■ What the exercise asks ■
The required output is the exact run of lines from the one that contains "Masseria San Domenico" to the end of the data, with every picture left out.

■ The data ■

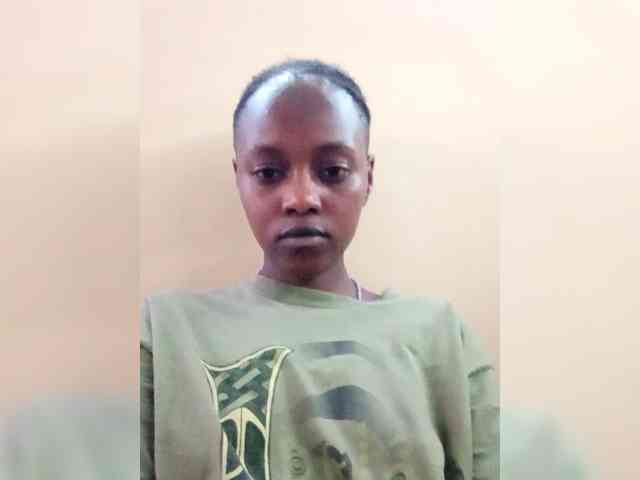 Sweets-girlys webcam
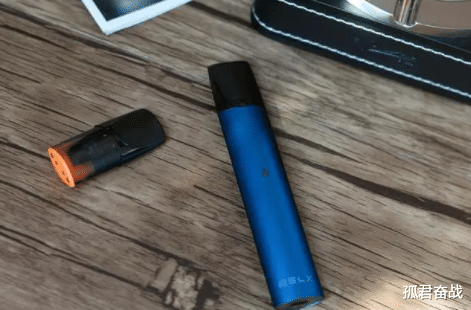创业3年市值就超3000亿,还“抢夺”中国烟草饭碗,汪莹怎么做到的
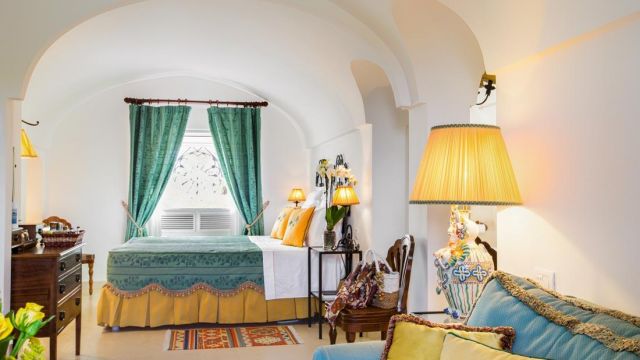 Masseria San Domenico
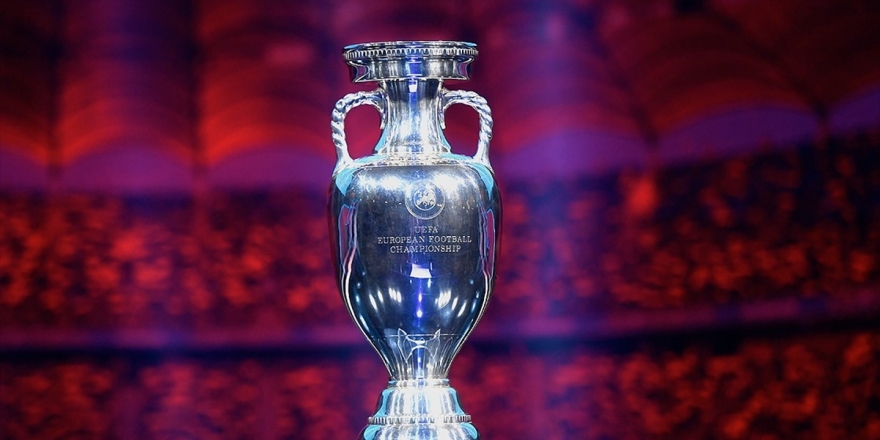 Euro 2020 Biletleri Yarın Satışa Çıkarılacak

■ Task answer ■
 Masseria San Domenico
 Euro 2020 Biletleri Yarın Satışa Çıkarılacak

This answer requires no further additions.